* _Exercise inputs_
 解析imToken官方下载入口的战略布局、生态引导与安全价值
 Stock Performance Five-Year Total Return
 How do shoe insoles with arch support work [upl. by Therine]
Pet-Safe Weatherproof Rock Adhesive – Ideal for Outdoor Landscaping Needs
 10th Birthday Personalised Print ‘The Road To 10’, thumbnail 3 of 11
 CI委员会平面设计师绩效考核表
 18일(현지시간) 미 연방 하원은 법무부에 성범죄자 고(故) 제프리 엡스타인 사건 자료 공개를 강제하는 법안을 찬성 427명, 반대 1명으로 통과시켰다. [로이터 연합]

==

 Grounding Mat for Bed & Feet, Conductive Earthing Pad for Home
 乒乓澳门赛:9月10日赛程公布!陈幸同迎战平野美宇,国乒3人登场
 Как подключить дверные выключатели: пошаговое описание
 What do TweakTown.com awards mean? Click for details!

...

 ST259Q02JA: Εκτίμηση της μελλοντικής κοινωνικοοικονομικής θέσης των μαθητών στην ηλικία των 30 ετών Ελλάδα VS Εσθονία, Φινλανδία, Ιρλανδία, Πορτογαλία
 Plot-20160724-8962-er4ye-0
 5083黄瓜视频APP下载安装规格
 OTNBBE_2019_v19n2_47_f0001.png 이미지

* _Exercise objective_
Look above for the line containing "乒乓澳门赛:9月10日赛程公布!陈幸同迎战平野美宇,国乒3人登场". Output from there through the line containing "What do TweakTown.com", exactly and inclusively.

* _Answer to this task_
 乒乓澳门赛:9月10日赛程公布!陈幸同迎战平野美宇,国乒3人登场
 Как подключить дверные выключатели: пошаговое описание
 What do TweakTown.com awards mean? Click for details!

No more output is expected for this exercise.